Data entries
○ ○ ○

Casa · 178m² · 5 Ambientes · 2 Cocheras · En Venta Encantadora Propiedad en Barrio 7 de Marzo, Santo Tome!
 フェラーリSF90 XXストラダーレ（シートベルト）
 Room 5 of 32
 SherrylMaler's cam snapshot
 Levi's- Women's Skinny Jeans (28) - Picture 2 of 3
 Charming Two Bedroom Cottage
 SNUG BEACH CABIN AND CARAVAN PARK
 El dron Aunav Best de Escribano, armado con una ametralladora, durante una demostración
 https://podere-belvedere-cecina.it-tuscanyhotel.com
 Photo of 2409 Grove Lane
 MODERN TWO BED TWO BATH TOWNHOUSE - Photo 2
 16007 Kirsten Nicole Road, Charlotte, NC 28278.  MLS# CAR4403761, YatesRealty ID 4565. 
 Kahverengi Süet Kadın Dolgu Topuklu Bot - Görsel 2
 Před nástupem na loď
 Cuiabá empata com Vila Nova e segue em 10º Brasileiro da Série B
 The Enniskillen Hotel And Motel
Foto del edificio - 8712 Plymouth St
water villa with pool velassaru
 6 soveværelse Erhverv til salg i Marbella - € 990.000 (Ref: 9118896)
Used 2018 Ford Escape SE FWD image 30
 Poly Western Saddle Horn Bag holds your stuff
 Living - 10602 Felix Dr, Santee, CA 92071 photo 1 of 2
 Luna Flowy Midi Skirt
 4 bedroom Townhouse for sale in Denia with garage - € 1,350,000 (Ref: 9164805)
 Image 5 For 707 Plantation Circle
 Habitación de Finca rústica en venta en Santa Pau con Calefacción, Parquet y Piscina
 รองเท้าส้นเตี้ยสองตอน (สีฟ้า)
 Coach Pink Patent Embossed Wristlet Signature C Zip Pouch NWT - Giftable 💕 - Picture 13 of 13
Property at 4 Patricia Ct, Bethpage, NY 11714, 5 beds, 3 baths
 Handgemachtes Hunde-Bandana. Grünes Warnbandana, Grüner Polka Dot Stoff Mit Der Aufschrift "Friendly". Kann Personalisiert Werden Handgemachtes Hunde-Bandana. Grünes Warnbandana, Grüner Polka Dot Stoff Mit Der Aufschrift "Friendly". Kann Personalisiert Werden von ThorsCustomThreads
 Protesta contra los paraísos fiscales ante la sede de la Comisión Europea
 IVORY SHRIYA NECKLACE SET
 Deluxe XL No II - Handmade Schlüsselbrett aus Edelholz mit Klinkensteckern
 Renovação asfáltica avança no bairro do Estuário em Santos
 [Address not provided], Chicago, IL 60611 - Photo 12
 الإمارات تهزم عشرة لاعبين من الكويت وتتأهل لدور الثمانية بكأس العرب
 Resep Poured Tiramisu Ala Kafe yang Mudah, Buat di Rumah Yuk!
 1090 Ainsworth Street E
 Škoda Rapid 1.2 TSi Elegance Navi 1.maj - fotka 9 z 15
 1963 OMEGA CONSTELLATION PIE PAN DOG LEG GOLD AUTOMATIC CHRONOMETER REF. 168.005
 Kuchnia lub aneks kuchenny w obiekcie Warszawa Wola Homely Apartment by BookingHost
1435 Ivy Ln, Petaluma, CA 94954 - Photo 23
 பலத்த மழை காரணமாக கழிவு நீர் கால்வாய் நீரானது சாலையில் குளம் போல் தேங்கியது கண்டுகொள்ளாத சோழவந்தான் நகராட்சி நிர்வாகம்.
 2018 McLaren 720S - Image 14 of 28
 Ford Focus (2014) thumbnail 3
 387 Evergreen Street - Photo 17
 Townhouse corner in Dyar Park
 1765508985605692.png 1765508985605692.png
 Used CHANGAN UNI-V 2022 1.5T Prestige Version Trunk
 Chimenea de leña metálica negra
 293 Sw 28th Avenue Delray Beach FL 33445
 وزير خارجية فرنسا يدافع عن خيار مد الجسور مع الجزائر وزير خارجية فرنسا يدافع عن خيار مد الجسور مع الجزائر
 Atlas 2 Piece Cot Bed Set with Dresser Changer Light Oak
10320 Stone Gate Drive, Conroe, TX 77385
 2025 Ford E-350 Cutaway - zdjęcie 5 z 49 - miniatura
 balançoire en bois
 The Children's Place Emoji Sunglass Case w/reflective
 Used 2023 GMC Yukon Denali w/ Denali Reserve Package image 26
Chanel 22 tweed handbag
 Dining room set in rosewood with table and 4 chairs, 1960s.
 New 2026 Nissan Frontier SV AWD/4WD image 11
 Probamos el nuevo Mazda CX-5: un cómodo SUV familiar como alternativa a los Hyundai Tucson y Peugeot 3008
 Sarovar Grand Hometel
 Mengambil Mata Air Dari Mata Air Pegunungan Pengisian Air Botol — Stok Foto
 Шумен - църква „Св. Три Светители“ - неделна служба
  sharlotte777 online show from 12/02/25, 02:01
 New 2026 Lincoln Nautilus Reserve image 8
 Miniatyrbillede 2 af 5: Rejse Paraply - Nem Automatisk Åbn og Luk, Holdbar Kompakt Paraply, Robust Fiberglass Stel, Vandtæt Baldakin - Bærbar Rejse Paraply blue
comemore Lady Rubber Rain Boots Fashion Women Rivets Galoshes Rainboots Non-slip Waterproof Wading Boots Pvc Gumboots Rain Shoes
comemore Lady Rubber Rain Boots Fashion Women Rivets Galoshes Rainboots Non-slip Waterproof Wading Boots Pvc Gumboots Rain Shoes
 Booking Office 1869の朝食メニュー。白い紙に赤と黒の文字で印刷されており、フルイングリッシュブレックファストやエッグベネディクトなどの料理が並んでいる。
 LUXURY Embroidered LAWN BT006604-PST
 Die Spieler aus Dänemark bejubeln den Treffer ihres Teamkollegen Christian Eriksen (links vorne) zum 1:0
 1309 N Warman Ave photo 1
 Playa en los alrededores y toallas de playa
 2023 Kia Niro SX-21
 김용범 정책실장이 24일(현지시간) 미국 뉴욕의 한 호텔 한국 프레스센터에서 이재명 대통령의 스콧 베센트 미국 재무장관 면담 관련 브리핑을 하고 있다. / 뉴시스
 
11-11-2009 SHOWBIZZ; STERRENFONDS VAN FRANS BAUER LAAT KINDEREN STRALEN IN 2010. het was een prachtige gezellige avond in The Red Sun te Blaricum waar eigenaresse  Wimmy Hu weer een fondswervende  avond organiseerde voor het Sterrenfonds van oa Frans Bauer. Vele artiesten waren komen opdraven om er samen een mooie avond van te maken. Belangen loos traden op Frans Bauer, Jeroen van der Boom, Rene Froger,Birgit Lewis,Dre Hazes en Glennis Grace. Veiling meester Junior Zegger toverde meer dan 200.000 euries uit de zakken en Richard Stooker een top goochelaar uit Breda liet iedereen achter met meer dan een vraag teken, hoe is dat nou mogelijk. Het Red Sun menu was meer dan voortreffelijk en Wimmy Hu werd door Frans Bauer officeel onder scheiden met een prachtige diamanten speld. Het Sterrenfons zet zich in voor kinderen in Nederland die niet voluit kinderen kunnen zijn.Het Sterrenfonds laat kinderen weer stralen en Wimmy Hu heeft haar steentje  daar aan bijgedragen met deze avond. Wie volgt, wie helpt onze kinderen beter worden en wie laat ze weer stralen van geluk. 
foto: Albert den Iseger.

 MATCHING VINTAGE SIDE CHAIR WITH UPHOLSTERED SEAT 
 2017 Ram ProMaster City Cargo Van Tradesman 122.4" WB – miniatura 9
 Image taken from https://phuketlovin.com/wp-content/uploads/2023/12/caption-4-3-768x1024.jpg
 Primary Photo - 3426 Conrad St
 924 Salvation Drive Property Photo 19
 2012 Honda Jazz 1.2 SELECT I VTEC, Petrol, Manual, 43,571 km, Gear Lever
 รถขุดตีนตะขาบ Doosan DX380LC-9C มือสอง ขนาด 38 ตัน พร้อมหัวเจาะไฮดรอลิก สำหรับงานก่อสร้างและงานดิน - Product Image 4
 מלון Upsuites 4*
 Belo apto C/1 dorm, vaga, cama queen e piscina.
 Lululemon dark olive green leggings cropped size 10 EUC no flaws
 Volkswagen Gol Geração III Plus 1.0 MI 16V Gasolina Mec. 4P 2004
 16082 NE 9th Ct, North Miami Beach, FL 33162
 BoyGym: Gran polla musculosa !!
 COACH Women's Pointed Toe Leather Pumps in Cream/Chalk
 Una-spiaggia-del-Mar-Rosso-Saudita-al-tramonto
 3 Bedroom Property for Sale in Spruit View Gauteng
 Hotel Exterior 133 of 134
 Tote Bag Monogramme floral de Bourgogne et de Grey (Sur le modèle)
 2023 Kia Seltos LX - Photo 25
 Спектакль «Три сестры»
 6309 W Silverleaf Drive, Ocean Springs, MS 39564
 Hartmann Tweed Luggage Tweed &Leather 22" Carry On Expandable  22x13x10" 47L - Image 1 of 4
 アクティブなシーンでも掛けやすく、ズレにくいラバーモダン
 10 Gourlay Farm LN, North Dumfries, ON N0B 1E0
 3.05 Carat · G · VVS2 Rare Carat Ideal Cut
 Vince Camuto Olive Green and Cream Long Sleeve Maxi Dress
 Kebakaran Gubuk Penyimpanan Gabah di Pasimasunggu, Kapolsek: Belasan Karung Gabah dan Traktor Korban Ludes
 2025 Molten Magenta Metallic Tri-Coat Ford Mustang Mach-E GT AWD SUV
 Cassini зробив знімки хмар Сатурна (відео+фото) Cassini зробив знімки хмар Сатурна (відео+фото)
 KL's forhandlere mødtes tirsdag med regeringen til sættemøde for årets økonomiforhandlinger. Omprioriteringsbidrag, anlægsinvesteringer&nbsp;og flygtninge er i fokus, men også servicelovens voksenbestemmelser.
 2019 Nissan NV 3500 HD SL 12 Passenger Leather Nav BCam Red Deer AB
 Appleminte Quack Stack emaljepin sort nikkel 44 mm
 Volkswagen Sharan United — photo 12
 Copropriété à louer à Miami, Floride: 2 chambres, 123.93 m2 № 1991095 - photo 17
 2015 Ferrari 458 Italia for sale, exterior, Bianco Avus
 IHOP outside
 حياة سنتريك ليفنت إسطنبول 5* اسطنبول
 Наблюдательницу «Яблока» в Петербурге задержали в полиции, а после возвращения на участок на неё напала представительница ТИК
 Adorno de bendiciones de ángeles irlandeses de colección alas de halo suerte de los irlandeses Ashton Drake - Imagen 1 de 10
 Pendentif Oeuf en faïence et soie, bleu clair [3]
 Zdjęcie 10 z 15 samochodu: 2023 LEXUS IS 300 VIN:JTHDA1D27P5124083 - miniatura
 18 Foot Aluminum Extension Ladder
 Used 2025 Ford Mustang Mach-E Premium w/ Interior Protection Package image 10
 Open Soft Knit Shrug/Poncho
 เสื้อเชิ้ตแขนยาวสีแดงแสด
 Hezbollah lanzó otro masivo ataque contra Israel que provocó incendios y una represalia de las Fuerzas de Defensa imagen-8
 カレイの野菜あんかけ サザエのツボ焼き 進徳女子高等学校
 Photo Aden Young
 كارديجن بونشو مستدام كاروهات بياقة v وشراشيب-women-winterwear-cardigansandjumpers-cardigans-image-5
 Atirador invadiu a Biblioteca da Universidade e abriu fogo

○ ○ ○

Check each line above for the word "contra" and copy the ones that have it.

_SOLVED EXERCISE:_
 Protesta contra los paraísos fiscales ante la sede de la Comisión Europea
 Hezbollah lanzó otro masivo ataque contra Israel que provocó incendios y una represalia de las Fuerzas de Defensa imagen-8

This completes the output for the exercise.